Try it ▸ Every line containing the string "Foto" is to be copied from the records.

Input material ▸
┏━━
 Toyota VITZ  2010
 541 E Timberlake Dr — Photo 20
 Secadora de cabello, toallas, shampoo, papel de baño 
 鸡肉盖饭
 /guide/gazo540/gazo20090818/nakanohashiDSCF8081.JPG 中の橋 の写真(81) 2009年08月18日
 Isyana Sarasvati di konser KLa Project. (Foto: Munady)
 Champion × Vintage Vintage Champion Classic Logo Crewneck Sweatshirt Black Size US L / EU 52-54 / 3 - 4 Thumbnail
┗━━
┏━━
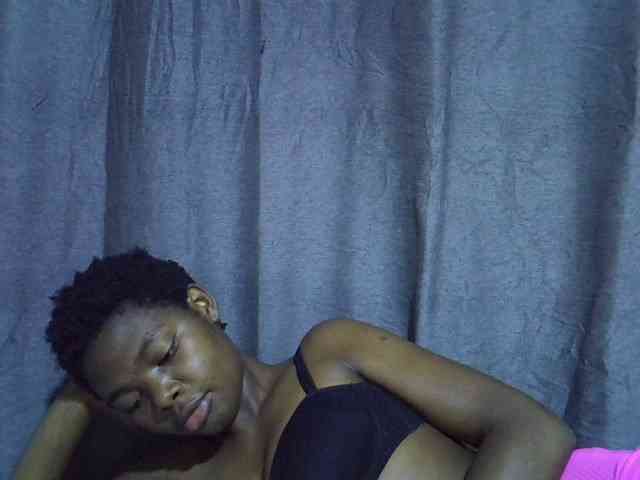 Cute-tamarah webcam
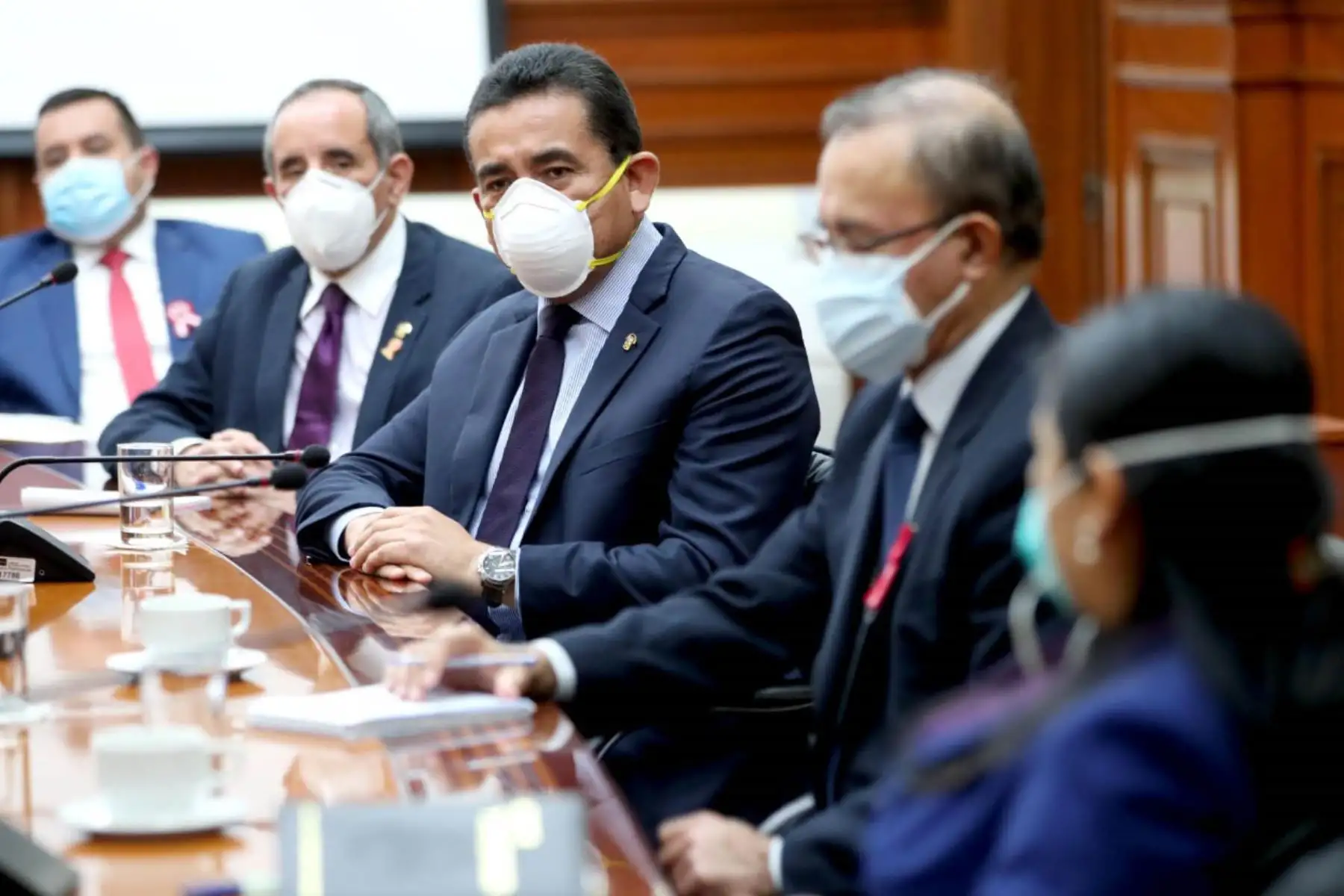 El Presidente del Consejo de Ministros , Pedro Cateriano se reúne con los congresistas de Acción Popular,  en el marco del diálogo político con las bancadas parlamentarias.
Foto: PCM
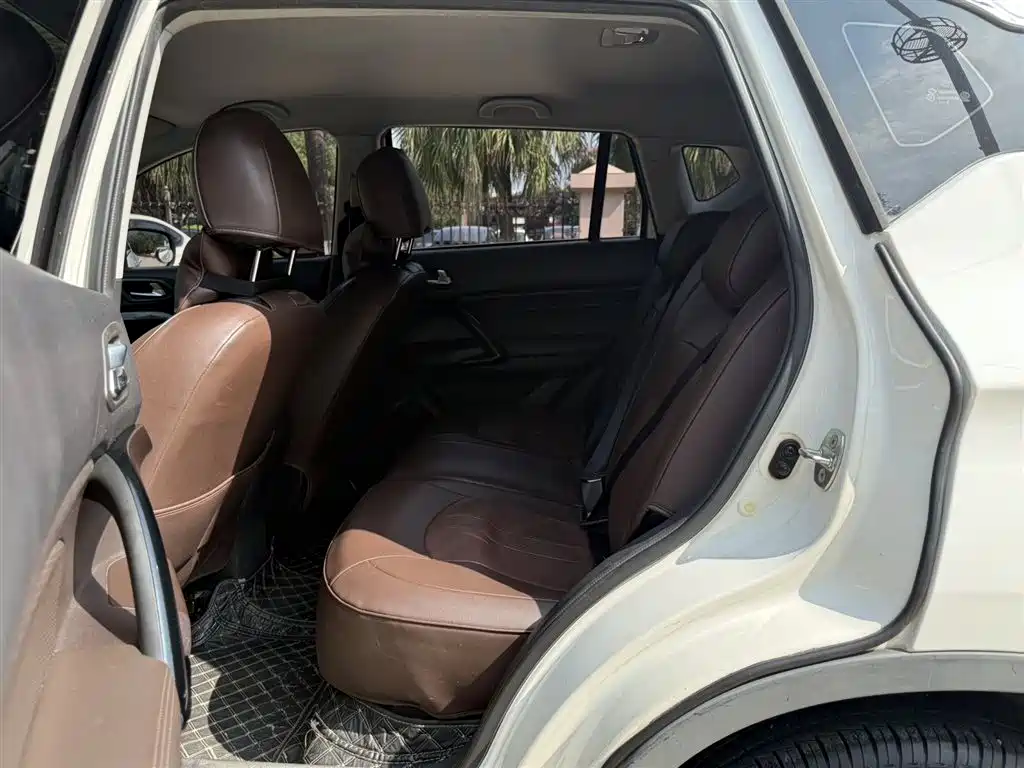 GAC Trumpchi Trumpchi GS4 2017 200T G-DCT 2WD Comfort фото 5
┗━━
┏━━
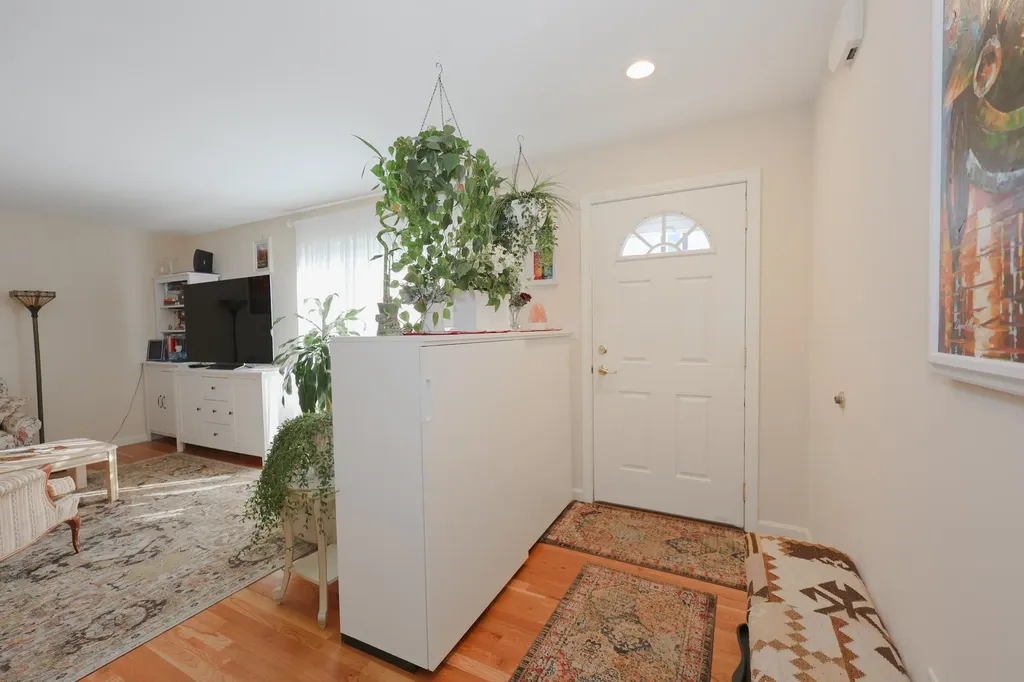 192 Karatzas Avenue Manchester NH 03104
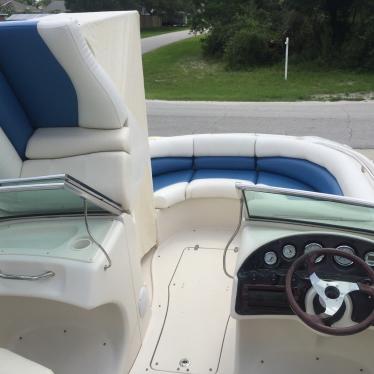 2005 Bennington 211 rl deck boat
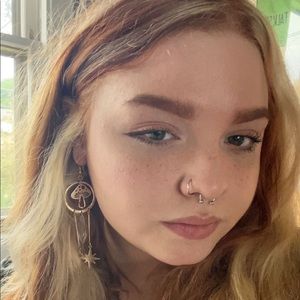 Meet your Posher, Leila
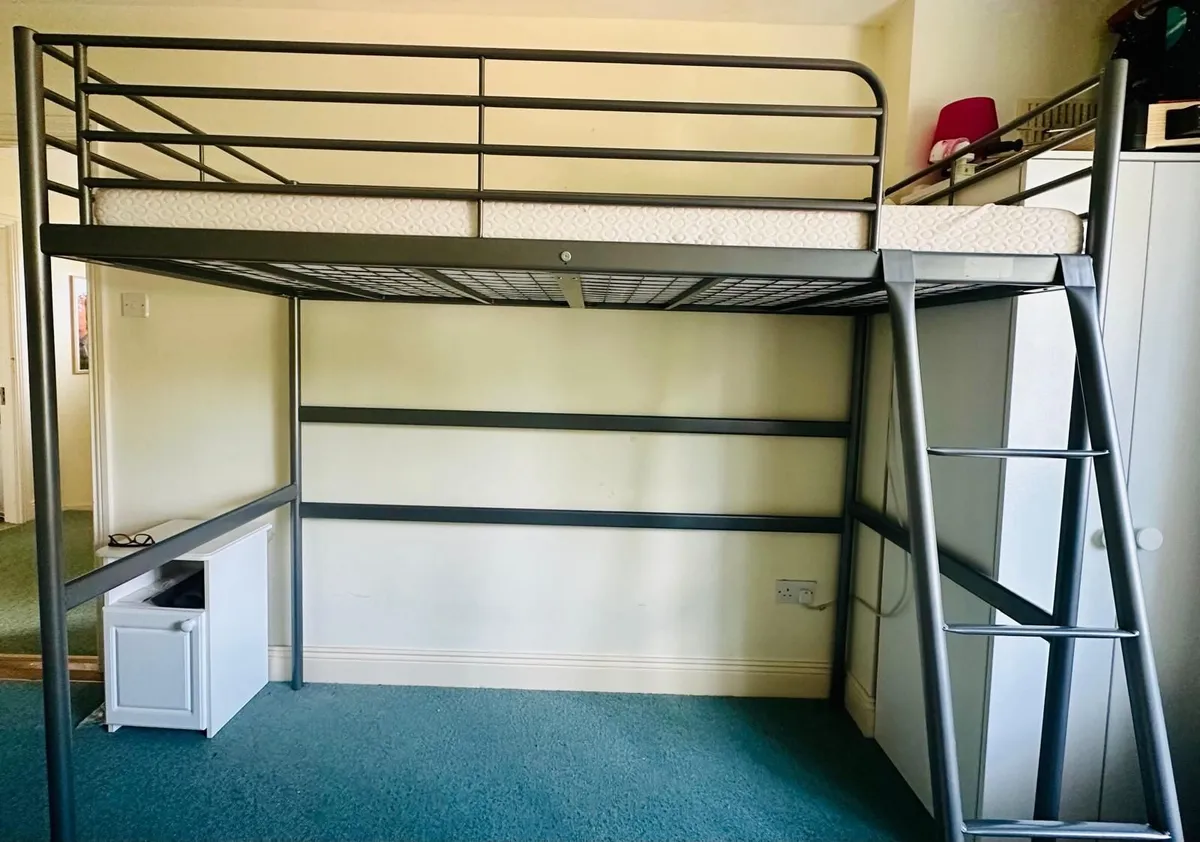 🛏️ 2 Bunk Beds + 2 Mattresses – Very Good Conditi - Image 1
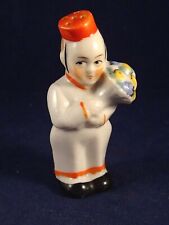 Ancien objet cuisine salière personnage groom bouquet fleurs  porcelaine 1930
┗━━
Completed task ▸
 Isyana Sarasvati di konser KLa Project. (Foto: Munady)
Foto: PCM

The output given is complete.